You are probably wondering: HIPAA again? Yes, again and every year! Every January I re-train my clients on the HIPAA requirements, revise policies and procedures, and make sure we have no unnecessary exposures. The HHS recommends that you train your workforce yearly because human memory fades, you might have hired new people, revised your policies, or just need to tighten your compliance.
Penalties for lack of training could be huge: up to $1.5 mil per violation of HIPAA provisions. Let’s say a reportable breach has occurred and the OCR investigates your practice. The very first thing they will ask is your training documentation, and if you have none to produce or produce some de facto policies and procedures, which no one remembers seeing, the OCR will deem the breach a “willful neglect.” And the OCR imposes mandatory penalties for willful neglect going up to $50,000 per violation. We are likely talking about millions of dollars: if you lost a laptop containing records of 500 patients, this will constitute 500 violations!

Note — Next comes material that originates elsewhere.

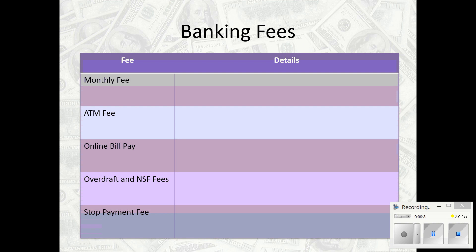Overdraft fees are a big deal — if you write a check and you don't have enough money in your account, you'll be assessed an overdraft fee from your bank, and likely another fee from whoever you wrote the bad check to. We recently had to pay what's called a stop payment fee — we kept getting a bill saying our check hadn't been received. We had written that check many months ago and figured it was lost. We had to pay to have that check stopped so that no one could write against our account.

Did I get your attention?
So, let’s talk about what should be in your training:
If you are a covered entity, the training should cover all three parts of HIPAA: Privacy, Security, and Breach Notification.
If you are a business associate, HIPAA requires training only on the Security Rule. But because Business Associates enter into contracts with covered entities, I also make sure that during a seminar I cover Privacy Rule and how to identify and properly report a breach.
The HHS has prepared Security Risk Assessments tools (you should be re-assessing every year): https://www.healthit.gov/providers-professionals/security-risk-assessment-tool
And of course, make sure you document all your training, who attended it, what they learned – and you surely will significantly reduce one of your multiple legal exposures.